# Sleep and Dreams > Dream Gallery >  >  The leprechaun's time machine; One of the longest dreams I've ever had.

## faxonboy

This was a dream when I had when I was 8, but it was so long and detailed I can still clearly remember it. I want to empasis that I had never seen Doctor Who when I had this dream.

The dream begins with me playing in my backyard when I notice a door in the side of the fence. I enter it and somehow knows it's a time machine. The room inside is basically just an empty closet, but when I leave it I'm at my cousin's house but somehow I know it's the future. Suddenly a man is running at me telling me to escape, and I see he is being chased by a figure in a red Cloack with just blackness under his red hood. Across the dark space where his face should be are 2 vertical and 2 horizontal bars. I get back into the door and when I exit it again I'm in front of an alien spaceship. There's a crowd of people all around me as I see the silloute of a humanoid alien exiting the craft. I then find myself back in the machine, but somehow it has crashed at a high school prom, and a voice explains that at this prom everyone was mysteriously shrunk to an inch tall, but all I see are flickering lights.

I then find myself back in my backyard and I'm chasing what I think is a leprechaun who is inside a white hallway adjacent to my backyard.
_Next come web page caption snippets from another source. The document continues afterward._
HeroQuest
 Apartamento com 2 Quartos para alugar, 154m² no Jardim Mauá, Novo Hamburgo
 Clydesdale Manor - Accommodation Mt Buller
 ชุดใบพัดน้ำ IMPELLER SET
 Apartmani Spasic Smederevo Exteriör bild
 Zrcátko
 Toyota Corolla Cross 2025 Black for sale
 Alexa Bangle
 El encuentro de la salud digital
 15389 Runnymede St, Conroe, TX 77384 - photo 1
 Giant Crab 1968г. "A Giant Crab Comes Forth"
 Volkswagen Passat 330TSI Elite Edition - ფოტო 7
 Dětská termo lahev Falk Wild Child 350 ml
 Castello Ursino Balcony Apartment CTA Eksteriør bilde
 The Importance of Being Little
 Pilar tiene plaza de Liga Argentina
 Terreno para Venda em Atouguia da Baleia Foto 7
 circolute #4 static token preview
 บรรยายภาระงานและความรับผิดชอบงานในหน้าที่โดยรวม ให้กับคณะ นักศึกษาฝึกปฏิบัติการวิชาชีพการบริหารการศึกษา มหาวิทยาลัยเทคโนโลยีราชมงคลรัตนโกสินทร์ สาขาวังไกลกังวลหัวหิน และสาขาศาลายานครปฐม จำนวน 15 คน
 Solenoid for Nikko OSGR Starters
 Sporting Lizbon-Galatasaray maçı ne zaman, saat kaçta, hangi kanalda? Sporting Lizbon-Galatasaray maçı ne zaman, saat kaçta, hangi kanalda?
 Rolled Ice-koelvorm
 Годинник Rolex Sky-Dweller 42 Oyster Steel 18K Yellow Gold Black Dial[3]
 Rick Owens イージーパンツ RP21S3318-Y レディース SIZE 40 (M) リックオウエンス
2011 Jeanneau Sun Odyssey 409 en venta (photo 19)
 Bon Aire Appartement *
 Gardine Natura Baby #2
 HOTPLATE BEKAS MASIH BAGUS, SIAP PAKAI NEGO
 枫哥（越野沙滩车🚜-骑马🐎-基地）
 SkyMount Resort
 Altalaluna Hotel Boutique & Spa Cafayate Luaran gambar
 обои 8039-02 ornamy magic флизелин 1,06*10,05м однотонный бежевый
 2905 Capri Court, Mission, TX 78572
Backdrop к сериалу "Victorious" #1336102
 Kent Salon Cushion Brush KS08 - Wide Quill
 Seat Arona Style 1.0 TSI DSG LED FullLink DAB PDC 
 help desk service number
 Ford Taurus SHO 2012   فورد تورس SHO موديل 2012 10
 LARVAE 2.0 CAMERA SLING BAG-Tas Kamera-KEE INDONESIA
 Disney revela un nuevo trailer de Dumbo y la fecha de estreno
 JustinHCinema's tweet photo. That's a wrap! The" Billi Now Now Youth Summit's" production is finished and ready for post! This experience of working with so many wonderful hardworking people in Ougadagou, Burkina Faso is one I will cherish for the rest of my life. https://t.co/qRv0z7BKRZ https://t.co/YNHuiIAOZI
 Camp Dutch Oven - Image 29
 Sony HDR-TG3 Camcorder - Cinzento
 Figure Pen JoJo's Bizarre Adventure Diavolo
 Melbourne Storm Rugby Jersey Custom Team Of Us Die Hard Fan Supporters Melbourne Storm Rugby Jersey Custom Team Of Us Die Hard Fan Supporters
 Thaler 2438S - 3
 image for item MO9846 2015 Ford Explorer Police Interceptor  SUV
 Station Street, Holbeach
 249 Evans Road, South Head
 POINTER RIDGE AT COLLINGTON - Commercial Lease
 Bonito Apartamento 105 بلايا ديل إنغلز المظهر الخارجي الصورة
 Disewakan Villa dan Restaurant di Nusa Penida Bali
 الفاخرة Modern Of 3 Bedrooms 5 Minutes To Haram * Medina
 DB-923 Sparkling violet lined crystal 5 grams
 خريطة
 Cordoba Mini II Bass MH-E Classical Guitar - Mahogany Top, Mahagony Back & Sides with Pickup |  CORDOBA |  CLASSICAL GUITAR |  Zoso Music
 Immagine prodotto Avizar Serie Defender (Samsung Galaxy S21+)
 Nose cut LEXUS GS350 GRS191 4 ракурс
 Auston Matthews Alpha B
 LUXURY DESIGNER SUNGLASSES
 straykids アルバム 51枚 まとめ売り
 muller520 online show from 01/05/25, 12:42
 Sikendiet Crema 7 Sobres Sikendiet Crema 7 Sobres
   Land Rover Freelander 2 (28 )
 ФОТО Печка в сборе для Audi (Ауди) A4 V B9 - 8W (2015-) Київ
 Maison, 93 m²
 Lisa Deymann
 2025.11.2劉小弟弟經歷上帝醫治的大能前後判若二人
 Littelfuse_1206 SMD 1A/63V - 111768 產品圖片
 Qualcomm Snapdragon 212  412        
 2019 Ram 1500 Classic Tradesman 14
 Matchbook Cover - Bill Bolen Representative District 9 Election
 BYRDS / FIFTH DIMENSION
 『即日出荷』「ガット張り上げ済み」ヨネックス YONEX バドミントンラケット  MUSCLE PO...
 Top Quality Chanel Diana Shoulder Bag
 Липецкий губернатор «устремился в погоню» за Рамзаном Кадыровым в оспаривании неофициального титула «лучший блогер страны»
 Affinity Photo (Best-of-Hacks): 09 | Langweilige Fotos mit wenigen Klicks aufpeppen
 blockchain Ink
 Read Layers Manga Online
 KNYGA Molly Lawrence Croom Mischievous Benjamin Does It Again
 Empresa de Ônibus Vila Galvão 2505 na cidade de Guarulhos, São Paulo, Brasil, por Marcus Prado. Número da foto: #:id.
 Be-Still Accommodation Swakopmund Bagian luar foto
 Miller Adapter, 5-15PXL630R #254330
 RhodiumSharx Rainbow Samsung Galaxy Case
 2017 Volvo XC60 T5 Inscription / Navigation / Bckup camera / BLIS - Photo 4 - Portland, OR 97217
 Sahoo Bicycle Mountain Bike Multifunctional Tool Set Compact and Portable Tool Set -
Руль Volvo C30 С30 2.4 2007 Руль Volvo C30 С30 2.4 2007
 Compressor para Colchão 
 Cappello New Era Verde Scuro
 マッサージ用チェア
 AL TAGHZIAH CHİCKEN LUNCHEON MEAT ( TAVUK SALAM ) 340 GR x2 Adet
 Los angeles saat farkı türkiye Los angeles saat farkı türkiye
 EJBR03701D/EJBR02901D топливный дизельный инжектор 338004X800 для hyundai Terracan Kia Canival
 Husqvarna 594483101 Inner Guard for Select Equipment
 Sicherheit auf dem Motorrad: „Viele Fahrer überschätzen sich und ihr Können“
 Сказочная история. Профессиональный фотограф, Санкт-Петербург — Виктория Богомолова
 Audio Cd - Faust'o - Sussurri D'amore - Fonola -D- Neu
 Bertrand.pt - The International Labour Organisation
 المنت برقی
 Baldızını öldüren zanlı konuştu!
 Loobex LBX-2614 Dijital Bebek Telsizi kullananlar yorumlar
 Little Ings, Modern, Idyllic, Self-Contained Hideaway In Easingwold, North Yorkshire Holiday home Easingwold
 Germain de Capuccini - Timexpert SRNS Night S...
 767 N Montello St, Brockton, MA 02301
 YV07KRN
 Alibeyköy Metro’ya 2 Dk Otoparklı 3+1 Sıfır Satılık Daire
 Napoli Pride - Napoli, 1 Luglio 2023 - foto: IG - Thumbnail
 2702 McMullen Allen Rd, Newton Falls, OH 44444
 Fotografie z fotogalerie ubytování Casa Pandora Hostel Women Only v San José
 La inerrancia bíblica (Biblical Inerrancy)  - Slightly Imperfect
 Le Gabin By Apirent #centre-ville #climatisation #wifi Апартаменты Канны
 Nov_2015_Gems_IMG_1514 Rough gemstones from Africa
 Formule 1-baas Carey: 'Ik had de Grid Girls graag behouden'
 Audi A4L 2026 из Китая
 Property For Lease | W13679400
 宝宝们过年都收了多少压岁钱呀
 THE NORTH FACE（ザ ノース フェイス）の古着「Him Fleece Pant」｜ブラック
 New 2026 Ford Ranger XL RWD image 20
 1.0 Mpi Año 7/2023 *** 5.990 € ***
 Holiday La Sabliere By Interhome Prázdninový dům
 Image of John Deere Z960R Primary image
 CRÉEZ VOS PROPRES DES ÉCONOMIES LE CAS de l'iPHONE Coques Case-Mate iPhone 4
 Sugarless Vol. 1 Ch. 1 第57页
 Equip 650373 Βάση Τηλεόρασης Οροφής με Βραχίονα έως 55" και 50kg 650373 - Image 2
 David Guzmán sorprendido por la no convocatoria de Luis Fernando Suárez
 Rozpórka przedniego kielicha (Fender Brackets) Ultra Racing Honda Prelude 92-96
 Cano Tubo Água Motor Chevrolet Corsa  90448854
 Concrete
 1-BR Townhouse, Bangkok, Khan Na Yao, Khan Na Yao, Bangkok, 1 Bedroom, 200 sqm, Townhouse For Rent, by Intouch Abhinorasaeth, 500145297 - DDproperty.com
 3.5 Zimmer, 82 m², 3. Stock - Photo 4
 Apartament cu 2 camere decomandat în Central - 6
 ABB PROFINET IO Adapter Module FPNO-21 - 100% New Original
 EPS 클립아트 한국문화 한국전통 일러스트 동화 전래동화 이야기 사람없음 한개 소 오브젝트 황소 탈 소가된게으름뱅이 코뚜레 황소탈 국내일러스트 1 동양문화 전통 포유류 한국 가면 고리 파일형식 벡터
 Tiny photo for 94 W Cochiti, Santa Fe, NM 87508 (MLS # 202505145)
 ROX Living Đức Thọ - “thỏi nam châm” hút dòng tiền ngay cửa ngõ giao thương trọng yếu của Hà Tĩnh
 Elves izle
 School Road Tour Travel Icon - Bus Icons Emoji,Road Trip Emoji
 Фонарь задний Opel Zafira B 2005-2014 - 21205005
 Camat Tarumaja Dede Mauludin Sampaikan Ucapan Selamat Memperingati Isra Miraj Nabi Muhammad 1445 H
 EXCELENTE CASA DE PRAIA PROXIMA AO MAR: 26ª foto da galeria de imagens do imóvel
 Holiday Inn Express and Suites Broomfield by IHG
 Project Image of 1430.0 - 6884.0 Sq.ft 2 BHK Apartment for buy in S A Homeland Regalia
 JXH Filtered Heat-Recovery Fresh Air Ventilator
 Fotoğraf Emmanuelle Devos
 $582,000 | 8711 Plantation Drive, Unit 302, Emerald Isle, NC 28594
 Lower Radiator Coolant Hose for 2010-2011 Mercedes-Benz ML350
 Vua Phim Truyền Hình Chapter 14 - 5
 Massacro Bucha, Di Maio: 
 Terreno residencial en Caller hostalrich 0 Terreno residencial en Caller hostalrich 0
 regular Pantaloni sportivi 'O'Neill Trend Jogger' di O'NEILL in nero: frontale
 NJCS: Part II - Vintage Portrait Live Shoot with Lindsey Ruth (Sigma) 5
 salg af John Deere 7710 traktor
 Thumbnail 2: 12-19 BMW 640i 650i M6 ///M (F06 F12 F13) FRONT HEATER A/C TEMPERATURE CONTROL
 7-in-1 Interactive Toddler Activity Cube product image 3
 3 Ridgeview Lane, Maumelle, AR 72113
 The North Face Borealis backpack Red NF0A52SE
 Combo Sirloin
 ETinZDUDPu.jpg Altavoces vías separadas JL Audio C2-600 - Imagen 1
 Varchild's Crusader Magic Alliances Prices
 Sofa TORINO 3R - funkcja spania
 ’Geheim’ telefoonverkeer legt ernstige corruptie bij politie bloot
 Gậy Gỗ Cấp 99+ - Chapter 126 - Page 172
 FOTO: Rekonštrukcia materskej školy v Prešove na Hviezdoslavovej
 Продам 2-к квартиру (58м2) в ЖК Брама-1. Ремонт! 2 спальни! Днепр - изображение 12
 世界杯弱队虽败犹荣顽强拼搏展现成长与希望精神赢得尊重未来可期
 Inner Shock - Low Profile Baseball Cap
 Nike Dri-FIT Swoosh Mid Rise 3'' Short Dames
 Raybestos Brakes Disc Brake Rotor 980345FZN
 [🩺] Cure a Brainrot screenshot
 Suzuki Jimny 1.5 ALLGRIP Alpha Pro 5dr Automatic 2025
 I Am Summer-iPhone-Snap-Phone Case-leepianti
This dream had some other parts to it that I forget. Like I said, I was 8.

----------


## nightflick

Wow. To have remembered this so long and with all the details, it must have made quite an impression on you.

----------


## animlucid

It's cool to randomly remember dreams you had that happened years ago. It's impressive you can remember all the details like that!  :;-): 

Also, you just gave me a new dream goal to time travel, thanks!  ::D:

----------